What Are Some Other Signs of Meth Use?

Some of the signs of meth use are social.

Someone who regularly uses meth might experience changes like:

  • Mood swings
  • Angry outbursts
  • Strange sleeping patterns
  • Psychotic or paranoid behavior
  • Lack of care for hygiene or personal appearance
  • Asking to borrow money, stealing, or selling their possessions

These are all signs of meth use, but drug abuse may not always be the cause of these behavioral changes. With this in mind, it is essential to reach out and understand any changes in your loved one’s behavior before jumping to any conclusions about drug abuse.

How to Recognize Meth

Finding the drug itself is the most significant sign that a person is either using or planning to use.

Meth tends to be:

  • Odorless
  • Soluble (i.e., dissolvable)
  • White, clear, or transparent

If you find a bag of white crystalline powder or cloudy crystals that look like ice, then it is likely that you have discovered meth.

It’s also vital to look for signs of any paraphernalia, including:

  • Needles
  • Syringes
  • Razor blades
  • Surgical tubes
  • Pieces of glass
  • Burned spoons
  • Short, cut straws
  • Rolled up paper bills (of money)

Finding both drugs and drug paraphernalia is a pretty definite sign of meth use.
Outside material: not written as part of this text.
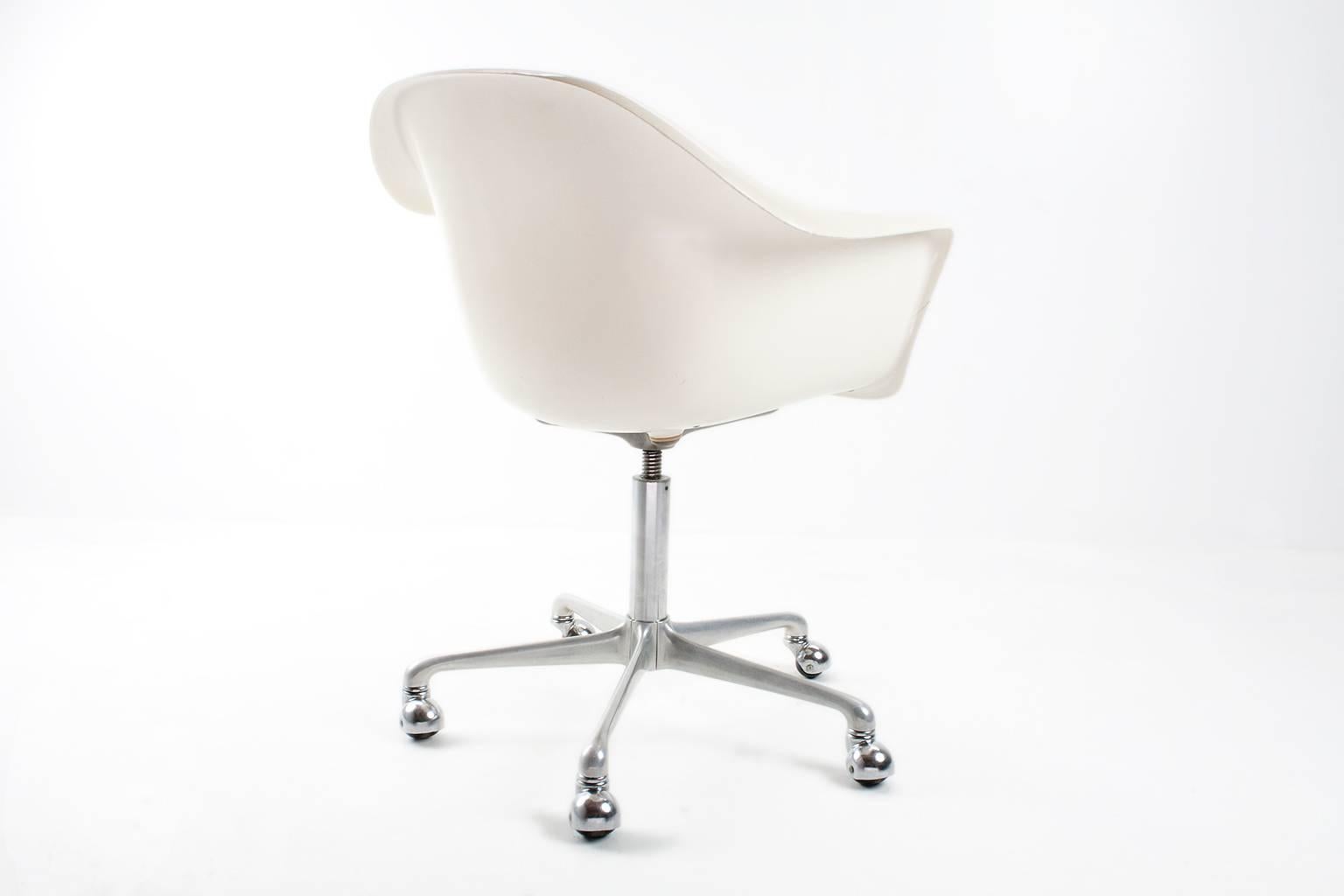 Mid-Century Modern Swivel Desk Chair in Fiberglass by Schafer for Interlubke, Germany, 1960s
If you have found evidence that your loved one has a meth problem, here’s what to do next.

When Someone You Love Is Using Meth

Even if you discover that someone you care about is using meth, it’s important to remember that the chemical properties of meth make it easy to become dependent or even addicted after only a few uses. Meth cravings can last for a month after last use— it’s a difficult drug to beat.

So, don’t judge your loved one. The best thing you can do to help when someone you know is on meth is to listen.

Listening will allow your loved one to open up about the problem— and also about whether or not your loved one wants help.

As you listen, remember that you are there to support your loved one. You can ask questions, but be respectful. The decision to enter rehab is not up to you.

Starting Positive Change

Meth is one of the most challenging drugs to quit. So, if your loved one isn’t immediately ready for rehab, you shouldn’t push.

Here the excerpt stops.